Instructions to follow →
In the entries below, find the line with "Gebraucht Ford Focus" and print exactly every line from there up to and including the line with "LOUIS VUITTON Favorite", with no other lines.

Supplied data →

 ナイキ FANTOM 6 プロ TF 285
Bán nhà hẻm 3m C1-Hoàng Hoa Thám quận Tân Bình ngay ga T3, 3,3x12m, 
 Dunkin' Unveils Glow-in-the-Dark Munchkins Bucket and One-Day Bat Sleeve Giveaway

* * *

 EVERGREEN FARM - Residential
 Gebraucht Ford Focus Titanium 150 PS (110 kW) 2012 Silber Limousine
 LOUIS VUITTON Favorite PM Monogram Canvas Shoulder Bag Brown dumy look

==

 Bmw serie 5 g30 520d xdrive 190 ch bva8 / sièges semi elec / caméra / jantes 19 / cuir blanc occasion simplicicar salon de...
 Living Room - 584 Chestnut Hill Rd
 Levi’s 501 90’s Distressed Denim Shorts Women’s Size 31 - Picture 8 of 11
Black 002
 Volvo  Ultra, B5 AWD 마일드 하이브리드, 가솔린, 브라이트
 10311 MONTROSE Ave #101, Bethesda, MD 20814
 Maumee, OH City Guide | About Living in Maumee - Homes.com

The answer →
 Gebraucht Ford Focus Titanium 150 PS (110 kW) 2012 Silber Limousine
 LOUIS VUITTON Favorite PM Monogram Canvas Shoulder Bag Brown dumy look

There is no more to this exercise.